Did "Cop" come from "copper" or Constable On Patrol

In this thread, the discussion takes a sideline veer into the origin of the word ‘cop’. Since it’s completely irrelevant to the subject of the thread, I thought I’d open a new one.

What is the etymology of calling a police officer a cop?

  • Rick

I don’t think anyone knows for sure, but it’s probably from “cop” meaning to grab. http://www.urbanlegends.com/language/etymology/cop_etymology_of.html


Once again, you can forget about any etymology that claims that a word known from before the 20th century came from an acronym. They just didn’t do them back then. “Cop” didn’t come from “Constable on Patrol.” “Posh” didn’t come from “Port Out, Starboard Home.” “Tip” didn’t come from “To Insure Promptness.” “Wog” didn’t come from “Wise Oriental Gentleman.”
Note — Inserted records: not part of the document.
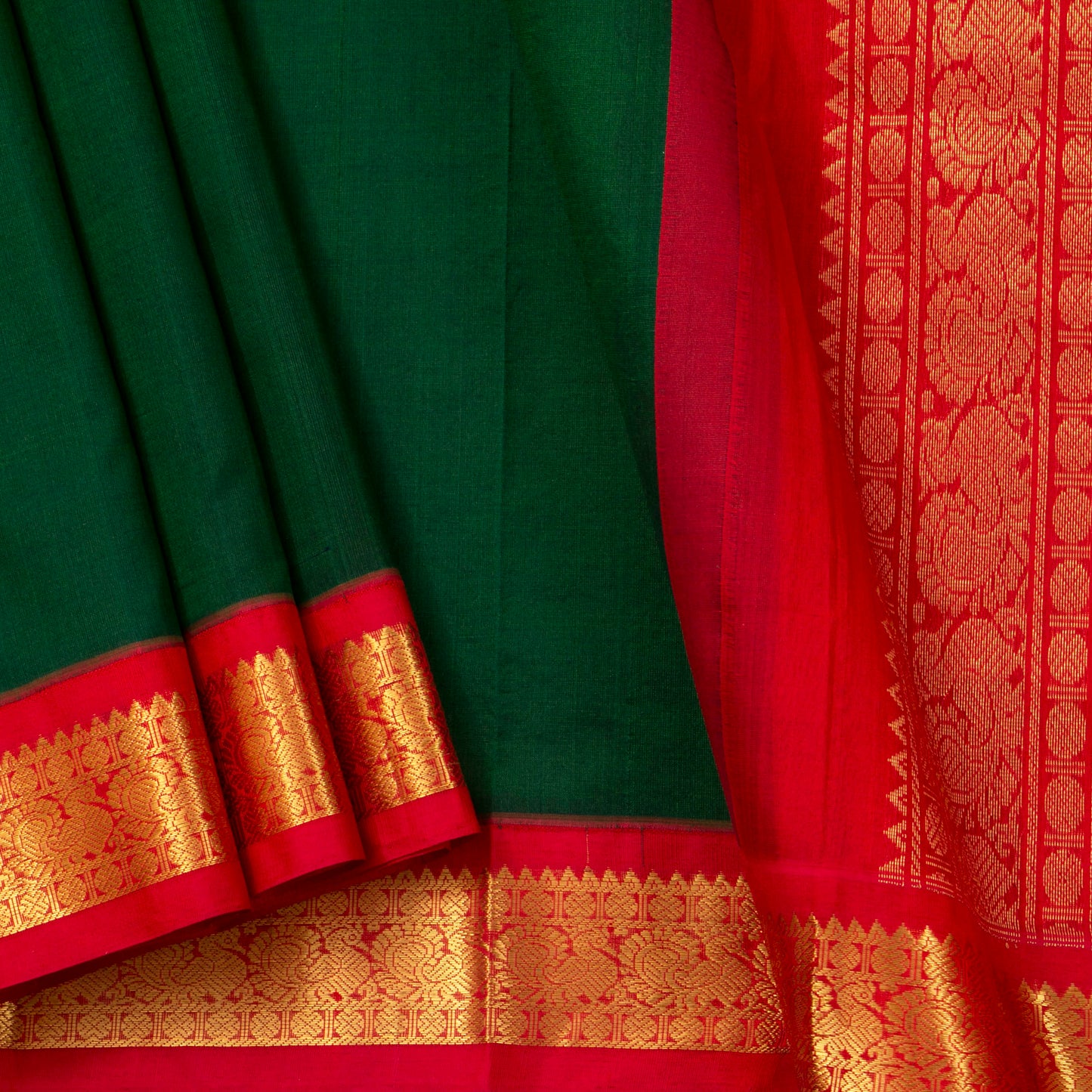 Green And Red Kanchi Silk Cotton Saree With Korvai Border For Festive Wear VP SC 157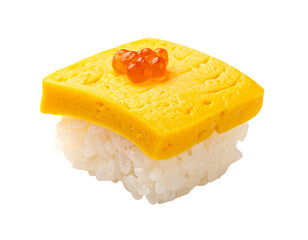 Tamago sushi, a slice of sweet egg omelet on rice, isolated on white.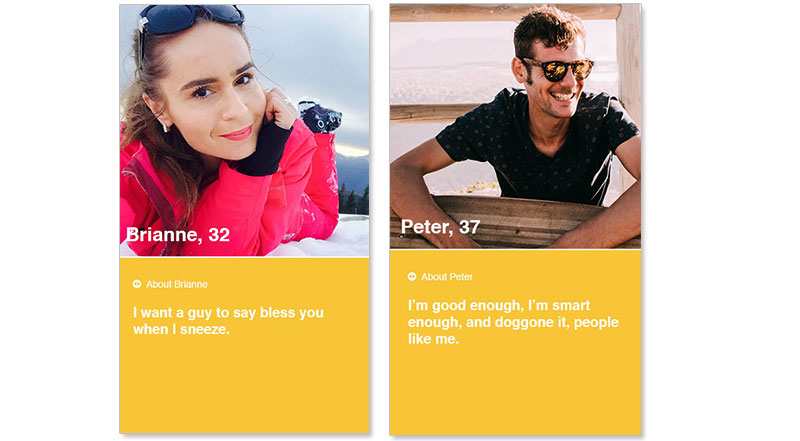 Two screenshots of some of the best bumble profiles.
While I’ve heard what you claim above many times before, and believe it to be true, it occurs to me now I don’t have a particular citation for it – nor, sadly, does your post.

So what’s the authority for the proposition that acronyms from before 1900 were just not done?

  • Rick

I always thought it came from “Citizens On Patrol”.

*So what’s the authority…? *

Sources whose etymological claims are based on reliable mainstream sources such as the OED. For instance, Errors in Popular Etymology, again at wordorigins.org

Also see this thread and check out the links that are given there.

Note that there’s a singular, and significant, exception to the “claims of derivation based on acronyms and abbreviations before 1900 are false” rule. To wit, O.K. Everything else, pretty much, is bunkum.